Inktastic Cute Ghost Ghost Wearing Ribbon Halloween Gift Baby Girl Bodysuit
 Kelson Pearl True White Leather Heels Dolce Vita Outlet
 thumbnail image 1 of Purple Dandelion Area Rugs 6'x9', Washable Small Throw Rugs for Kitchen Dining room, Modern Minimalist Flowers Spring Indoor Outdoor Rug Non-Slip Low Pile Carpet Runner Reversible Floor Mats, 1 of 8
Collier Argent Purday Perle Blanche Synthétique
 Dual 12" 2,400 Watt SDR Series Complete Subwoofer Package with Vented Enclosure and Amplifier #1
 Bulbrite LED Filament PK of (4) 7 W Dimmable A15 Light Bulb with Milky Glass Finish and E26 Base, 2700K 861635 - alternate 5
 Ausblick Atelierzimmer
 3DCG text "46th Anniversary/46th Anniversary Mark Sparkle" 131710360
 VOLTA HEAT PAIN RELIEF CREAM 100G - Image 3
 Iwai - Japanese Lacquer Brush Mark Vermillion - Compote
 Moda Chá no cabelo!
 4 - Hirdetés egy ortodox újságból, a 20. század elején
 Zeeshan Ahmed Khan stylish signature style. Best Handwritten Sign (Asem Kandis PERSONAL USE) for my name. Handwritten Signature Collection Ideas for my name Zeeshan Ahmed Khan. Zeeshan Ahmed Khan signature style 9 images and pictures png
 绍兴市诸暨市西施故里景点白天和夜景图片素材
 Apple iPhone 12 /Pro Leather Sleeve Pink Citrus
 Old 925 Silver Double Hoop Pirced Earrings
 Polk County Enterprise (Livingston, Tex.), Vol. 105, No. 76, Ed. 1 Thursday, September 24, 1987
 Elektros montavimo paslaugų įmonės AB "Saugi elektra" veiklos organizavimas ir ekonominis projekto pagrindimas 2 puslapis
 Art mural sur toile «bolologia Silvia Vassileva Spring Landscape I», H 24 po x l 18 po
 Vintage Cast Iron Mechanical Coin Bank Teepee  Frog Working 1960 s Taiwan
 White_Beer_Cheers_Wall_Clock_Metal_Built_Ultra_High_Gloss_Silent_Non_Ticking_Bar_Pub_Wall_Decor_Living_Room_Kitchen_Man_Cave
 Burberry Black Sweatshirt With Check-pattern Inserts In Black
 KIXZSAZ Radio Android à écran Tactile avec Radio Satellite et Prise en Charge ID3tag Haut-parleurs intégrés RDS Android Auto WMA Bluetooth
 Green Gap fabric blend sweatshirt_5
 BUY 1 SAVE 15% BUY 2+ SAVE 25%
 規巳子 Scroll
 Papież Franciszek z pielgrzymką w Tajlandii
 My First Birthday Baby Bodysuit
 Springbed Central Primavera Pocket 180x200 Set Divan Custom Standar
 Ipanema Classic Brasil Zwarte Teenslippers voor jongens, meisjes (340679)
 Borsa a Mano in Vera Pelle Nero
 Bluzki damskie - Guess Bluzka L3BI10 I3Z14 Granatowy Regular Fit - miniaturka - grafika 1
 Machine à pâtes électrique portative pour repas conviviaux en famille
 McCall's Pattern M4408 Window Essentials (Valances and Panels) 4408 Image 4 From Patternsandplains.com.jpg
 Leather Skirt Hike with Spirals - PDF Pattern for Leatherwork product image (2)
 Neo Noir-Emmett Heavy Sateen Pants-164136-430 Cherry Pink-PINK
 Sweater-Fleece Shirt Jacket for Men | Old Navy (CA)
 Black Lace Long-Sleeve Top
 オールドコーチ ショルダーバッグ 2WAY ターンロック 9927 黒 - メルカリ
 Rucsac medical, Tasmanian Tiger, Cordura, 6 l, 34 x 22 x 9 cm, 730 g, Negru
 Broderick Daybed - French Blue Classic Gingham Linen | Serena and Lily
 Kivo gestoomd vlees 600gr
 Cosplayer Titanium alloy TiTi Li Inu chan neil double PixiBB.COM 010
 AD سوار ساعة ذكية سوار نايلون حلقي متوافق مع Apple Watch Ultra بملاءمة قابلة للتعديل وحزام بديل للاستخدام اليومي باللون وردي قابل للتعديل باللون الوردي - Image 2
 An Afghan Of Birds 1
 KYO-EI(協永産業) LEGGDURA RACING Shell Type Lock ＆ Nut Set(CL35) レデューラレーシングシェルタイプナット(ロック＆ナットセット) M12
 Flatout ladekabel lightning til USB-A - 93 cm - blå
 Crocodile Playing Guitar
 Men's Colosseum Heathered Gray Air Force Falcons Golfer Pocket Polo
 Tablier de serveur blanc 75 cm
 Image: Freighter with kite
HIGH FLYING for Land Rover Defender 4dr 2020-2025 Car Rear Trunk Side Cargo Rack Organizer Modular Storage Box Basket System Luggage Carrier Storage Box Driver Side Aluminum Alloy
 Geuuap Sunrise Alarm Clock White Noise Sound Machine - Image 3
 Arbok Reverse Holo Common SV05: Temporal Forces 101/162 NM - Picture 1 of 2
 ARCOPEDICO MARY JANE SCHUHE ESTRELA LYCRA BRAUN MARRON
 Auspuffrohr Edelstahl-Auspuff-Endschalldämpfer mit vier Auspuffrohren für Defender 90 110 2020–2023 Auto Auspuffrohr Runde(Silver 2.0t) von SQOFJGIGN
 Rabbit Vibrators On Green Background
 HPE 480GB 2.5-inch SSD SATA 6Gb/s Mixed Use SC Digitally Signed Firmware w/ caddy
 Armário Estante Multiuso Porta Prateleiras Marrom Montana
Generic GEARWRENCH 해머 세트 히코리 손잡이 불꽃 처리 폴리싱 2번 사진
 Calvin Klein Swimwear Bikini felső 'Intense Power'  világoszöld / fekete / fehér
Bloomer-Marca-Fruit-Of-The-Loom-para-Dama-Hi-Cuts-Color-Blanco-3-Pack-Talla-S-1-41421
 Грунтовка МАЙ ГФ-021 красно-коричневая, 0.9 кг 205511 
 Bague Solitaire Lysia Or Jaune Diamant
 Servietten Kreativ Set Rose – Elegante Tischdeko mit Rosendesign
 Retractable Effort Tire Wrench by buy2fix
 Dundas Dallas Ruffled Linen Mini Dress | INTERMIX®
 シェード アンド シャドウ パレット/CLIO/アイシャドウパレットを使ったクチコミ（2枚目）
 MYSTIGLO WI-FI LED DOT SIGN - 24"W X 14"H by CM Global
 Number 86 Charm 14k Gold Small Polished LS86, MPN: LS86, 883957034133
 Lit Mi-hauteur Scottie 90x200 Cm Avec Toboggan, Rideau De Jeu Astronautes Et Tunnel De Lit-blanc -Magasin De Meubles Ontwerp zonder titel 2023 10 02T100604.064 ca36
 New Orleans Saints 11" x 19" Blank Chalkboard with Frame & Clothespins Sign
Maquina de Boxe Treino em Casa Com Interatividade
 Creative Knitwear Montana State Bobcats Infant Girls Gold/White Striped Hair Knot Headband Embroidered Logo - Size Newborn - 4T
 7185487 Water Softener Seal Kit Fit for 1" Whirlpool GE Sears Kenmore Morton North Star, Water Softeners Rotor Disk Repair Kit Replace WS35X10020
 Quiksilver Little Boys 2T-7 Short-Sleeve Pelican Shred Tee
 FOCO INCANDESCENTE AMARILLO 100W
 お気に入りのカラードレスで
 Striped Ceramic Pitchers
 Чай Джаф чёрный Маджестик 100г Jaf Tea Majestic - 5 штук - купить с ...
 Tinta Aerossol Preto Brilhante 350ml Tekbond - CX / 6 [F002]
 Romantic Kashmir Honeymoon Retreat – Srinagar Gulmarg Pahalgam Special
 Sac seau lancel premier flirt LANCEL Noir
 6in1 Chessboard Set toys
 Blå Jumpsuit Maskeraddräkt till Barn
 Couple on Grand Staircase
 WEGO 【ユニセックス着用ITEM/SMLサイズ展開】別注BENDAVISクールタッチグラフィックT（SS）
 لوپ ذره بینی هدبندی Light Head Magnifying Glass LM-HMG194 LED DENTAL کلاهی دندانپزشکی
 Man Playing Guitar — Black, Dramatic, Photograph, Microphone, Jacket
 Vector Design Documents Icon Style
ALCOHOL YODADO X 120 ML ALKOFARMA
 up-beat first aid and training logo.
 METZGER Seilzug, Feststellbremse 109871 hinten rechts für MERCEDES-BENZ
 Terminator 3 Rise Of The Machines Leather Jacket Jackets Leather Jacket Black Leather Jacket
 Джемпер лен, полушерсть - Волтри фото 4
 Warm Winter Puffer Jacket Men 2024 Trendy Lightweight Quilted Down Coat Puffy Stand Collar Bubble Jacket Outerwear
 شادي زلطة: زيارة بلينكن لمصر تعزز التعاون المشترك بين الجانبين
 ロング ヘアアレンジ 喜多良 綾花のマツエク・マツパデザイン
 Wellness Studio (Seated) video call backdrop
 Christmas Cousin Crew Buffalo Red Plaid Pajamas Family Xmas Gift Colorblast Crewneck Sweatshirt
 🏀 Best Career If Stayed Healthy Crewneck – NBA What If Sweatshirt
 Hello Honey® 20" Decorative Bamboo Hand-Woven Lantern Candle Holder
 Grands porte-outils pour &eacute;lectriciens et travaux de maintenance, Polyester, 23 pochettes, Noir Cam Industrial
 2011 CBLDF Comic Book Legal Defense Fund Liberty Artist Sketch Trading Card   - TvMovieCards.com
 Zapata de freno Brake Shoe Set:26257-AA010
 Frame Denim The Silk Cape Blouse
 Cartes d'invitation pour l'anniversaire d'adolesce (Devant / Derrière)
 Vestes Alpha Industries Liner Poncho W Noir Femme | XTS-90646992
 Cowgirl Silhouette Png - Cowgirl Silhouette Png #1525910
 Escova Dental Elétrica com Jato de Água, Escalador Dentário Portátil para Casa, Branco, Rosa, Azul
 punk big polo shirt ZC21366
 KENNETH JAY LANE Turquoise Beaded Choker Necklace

----

Problem description:
An exact copy of the lines above between the line holding "Retractable Effort Tire Wrench by buy2fix" and the line holding "Number 86 Charm", inclusive, is the whole answer.

Task response:
 Retractable Effort Tire Wrench by buy2fix
 Dundas Dallas Ruffled Linen Mini Dress | INTERMIX®
 シェード アンド シャドウ パレット/CLIO/アイシャドウパレットを使ったクチコミ（2枚目）
 MYSTIGLO WI-FI LED DOT SIGN - 24"W X 14"H by CM Global
 Number 86 Charm 14k Gold Small Polished LS86, MPN: LS86, 883957034133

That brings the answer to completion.